I think, though, a line's being drawn in the sand right now around the stocks. You see, even as oil has continued to plummet and is now down more than 50% from its highs and is back to the lows of the Great Recession, the stocks themselves have NOT taken out their lows that occurred Dec. 15, the day when the International Energy Agency reduced its global oil demand for 2015. If you remember, that was the so-called last straw moment when you realized that supply was -- and is going to still be ¿ ramped up, but demand was falling fast. Keep these figures in mind, though: the day that report was issued West Texas Intermediate was at $57, and Brent was at $61. Those seemed like hideous prices then; they now seem like windfalls.

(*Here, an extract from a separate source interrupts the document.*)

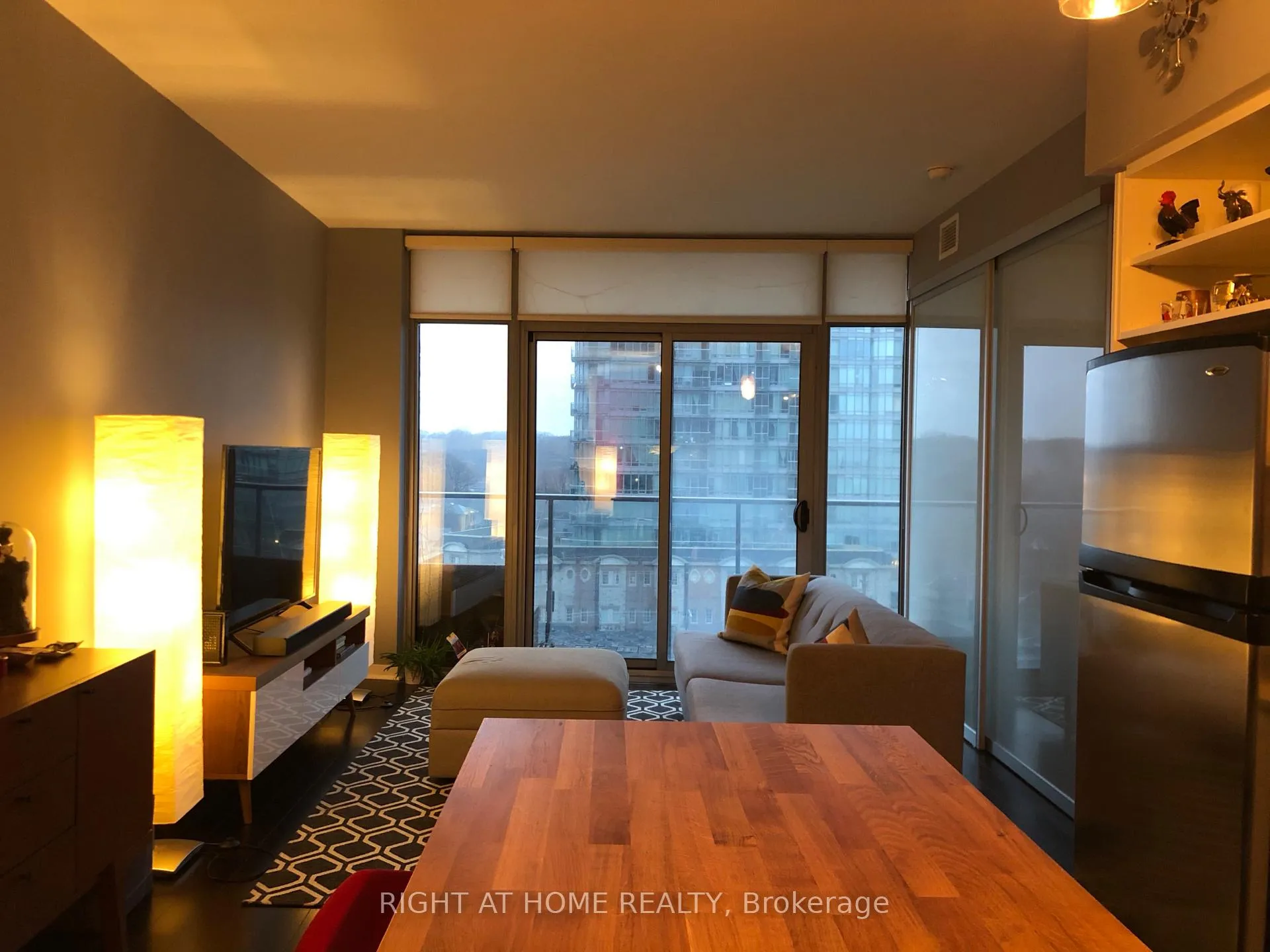 Photo 4 of Unit 715, 103 The Queensway, Toronto, High Park-Swansea — HOMEH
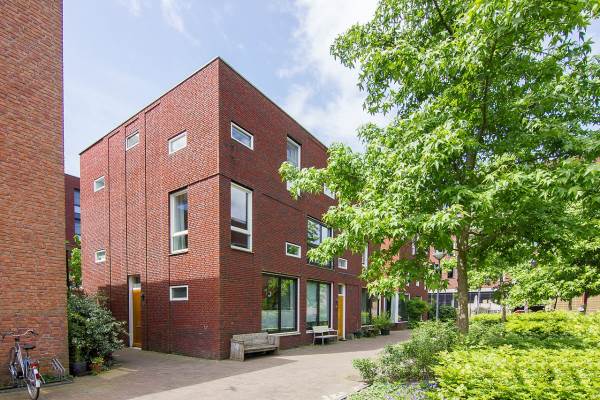 Woning Nicolaas Hennemanhof 10 Amsterdam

If you go back to the charts of all of the oils, you will see something very interesting: that day marked what we thought was the bottom for every single major and large independent oil company.
Hess, which just reported its big miss, dropped only to $66 yesterday. It had traded down to $65 Dec. 15th, before bouncing to $75. Royal Dutch Shell, today's disaster du jour, traded to $60 before bouncing to $69. Will it take out $60 today?
How about these others?
Exxon (XOM), for example, on that day traded down to $86. It then rallied to $94 and has now come down to $87. Chevron (CVX), which reports Friday, collapsed to $100 that day, then rallied to $114 before retracing down to $103. Conoco (COP) hit $61 that day then bounced to $73 and is now at $62. The lower-quality Marathon (MRO) hit $24, then vaulted to $29 and is now at $25.
Even the big independents, which seem to have been hit so hard, haven't taken out these prices yet. Continental (CLR), where CEO Harold Hamm took off those hedges in the $80s, saw its stock hit $30 before bouncing to $45 and then going to $43. Pioneer (PXD) went as low as $130 that day before bouncing to $153 and coming back to $144. Anadarko (APC), $72 that day, bounces to $84 and then comes back to $79.
So now here we are. Oil is twelve bucks below a bottom. And we are now seeing the earnings. I think that the Dec. 15 low and its subsequent bounce lulled many into thinking that we had seen a bottom. If we take out these Dec. 15 low prices, I think we have a substantial drop ahead, and it might just happen as Royal Dutch and Hess show us that the estimate cuts just haven't been deep enough.
Today's the day we learn the truth about that Dec. 15th "low."
Can the market handle it? We won't have long to find out. They either hold today or tomorrow, when Chevron reports and numbers get cut, or they go the way of the oil service and rig companies, which are way ahead of them on the downside.
I think the lows get tested. I don't think they hold.